**How to complete this task:**
Exactly the lines from the one with "Allergy pillow covers, small" through the end of the records below are to be output, the first and last included, and no others.

----

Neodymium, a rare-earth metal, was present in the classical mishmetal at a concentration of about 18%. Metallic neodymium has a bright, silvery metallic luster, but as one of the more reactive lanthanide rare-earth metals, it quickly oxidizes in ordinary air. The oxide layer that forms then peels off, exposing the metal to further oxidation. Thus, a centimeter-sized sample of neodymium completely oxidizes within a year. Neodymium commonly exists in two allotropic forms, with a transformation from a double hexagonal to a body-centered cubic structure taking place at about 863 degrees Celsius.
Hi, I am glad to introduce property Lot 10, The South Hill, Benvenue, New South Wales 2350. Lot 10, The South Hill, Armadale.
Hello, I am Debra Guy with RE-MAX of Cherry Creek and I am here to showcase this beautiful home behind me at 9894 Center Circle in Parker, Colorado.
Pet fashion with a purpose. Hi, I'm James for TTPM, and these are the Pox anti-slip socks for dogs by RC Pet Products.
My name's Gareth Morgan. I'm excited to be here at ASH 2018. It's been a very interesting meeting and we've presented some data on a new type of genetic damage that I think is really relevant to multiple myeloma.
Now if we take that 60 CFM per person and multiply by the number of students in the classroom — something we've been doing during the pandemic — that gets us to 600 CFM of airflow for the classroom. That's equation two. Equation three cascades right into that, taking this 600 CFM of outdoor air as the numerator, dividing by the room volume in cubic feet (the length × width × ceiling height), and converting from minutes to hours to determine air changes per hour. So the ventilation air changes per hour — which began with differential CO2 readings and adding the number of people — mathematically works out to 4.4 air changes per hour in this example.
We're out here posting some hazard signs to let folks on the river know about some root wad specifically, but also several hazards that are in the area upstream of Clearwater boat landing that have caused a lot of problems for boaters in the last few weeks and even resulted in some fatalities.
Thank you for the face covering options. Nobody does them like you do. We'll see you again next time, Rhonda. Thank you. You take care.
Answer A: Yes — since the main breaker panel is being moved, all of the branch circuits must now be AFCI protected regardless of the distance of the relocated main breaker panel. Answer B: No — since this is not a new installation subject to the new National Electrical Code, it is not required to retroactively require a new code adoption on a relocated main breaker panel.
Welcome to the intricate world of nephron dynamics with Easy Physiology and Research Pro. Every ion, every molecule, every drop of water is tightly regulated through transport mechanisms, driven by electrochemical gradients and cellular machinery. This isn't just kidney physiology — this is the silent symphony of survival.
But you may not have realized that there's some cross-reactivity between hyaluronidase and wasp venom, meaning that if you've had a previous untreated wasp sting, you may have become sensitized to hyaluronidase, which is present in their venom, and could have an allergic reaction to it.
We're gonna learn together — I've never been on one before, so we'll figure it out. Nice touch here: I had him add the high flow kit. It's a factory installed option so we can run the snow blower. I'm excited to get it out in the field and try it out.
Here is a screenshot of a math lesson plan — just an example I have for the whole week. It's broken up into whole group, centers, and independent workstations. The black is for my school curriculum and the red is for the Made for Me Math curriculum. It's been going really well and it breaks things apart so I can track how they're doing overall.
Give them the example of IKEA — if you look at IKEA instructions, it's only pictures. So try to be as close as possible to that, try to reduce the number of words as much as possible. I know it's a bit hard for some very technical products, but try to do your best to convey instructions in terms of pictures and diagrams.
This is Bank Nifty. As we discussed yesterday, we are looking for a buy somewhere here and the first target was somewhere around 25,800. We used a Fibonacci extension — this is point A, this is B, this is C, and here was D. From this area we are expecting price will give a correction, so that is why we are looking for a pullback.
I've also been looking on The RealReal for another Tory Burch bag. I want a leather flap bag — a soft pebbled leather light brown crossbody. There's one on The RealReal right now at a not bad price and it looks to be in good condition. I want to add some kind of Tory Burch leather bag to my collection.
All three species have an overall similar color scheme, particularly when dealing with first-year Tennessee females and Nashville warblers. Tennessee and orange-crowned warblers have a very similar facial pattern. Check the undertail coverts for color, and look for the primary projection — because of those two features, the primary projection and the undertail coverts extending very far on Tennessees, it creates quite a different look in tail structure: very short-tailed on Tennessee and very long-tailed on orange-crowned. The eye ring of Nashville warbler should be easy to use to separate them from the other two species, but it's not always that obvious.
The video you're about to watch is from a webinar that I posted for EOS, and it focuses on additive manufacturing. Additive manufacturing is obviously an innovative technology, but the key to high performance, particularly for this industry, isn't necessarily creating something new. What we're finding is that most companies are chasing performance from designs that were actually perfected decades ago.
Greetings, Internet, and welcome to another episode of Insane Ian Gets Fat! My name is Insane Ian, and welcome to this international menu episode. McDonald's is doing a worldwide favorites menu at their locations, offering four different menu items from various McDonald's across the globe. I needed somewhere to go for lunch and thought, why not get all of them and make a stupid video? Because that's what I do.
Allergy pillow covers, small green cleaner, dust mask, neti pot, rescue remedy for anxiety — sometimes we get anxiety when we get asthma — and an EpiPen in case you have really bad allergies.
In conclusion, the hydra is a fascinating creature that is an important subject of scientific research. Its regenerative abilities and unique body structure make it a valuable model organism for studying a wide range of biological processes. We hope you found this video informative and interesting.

----

**Reply to the task:**
Allergy pillow covers, small green cleaner, dust mask, neti pot, rescue remedy for anxiety — sometimes we get anxiety when we get asthma — and an EpiPen in case you have really bad allergies.
In conclusion, the hydra is a fascinating creature that is an important subject of scientific research. Its regenerative abilities and unique body structure make it a valuable model organism for studying a wide range of biological processes. We hope you found this video informative and interesting.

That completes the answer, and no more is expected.